> [Records provided]
§
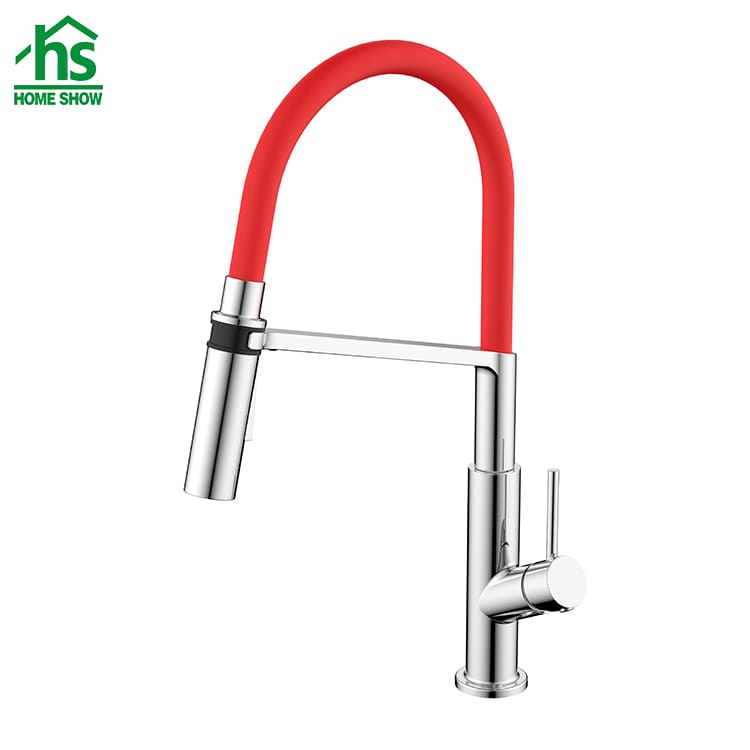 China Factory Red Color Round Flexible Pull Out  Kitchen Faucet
§
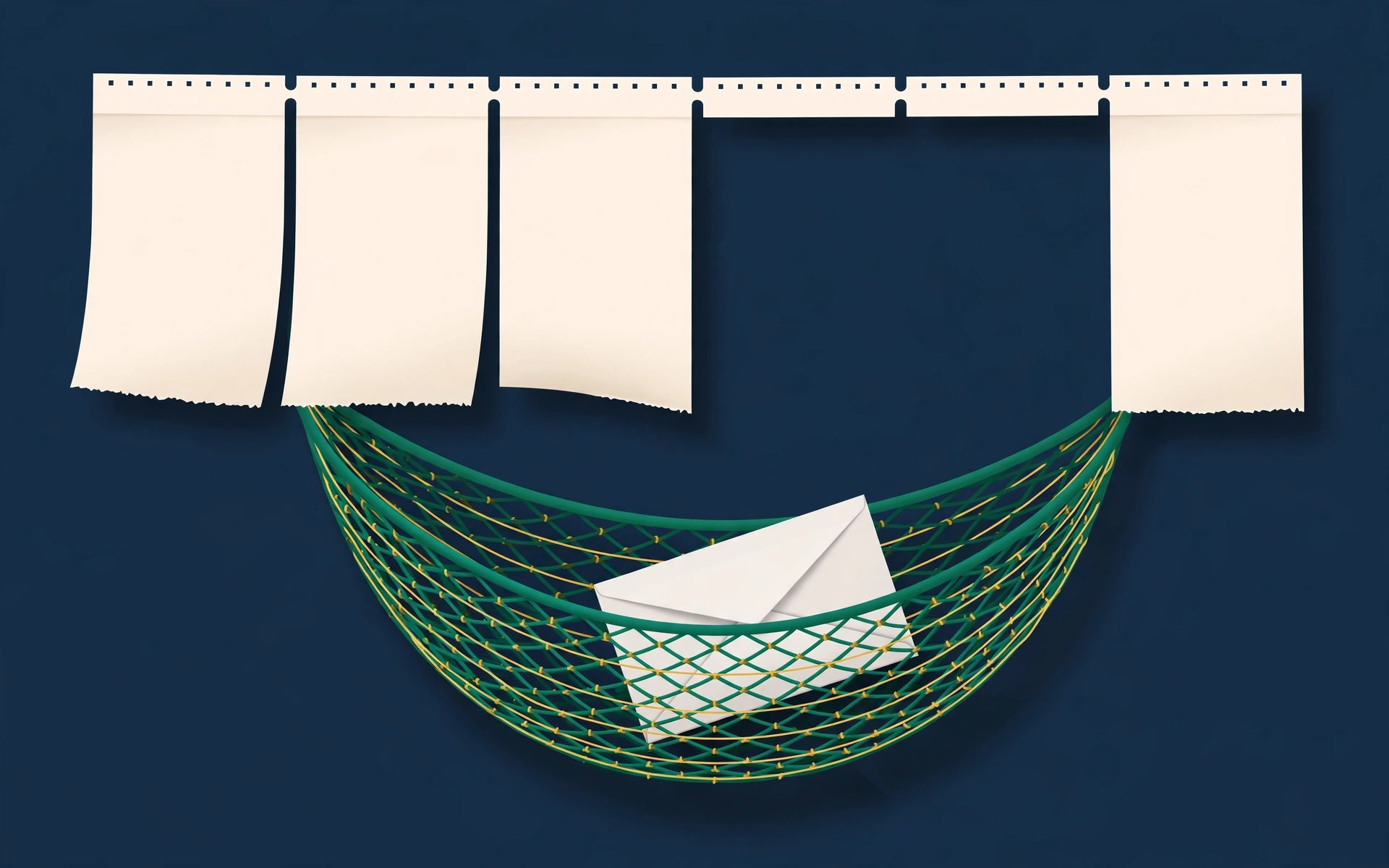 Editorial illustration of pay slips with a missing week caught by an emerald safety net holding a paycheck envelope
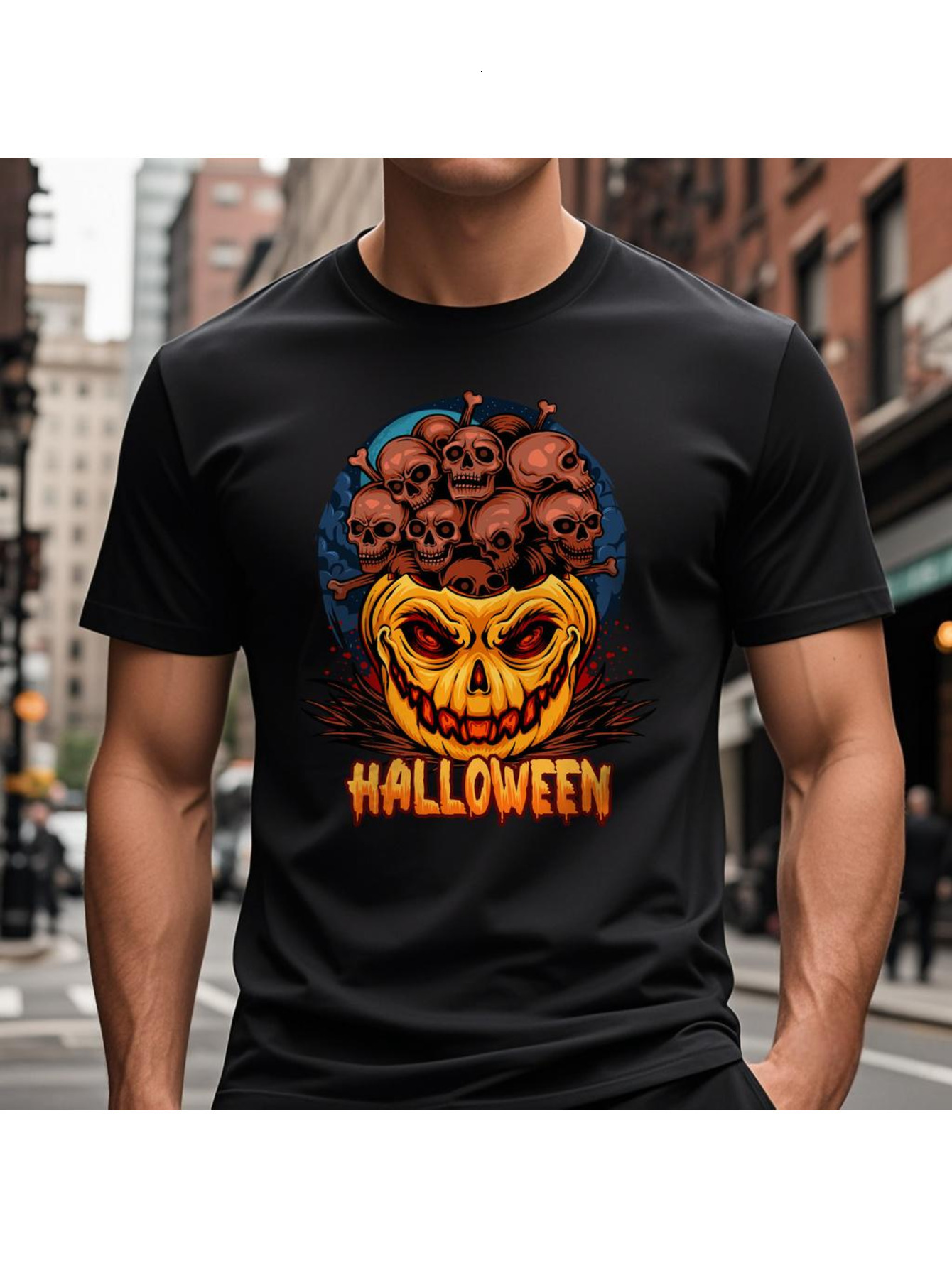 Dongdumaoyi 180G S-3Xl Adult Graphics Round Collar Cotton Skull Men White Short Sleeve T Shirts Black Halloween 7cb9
§
Starting at the line with "Editorial illustration of" in the entries above, write out every line exactly until the line with "Dongdumaoyi 180G S-3Xl" has been written. Include no pictures and nothing more.

 Editorial illustration of pay slips with a missing week caught by an emerald safety net holding a paycheck envelope
 Dongdumaoyi 180G S-3Xl Adult Graphics Round Collar Cotton Skull Men White Short Sleeve T Shirts Black Halloween 7cb9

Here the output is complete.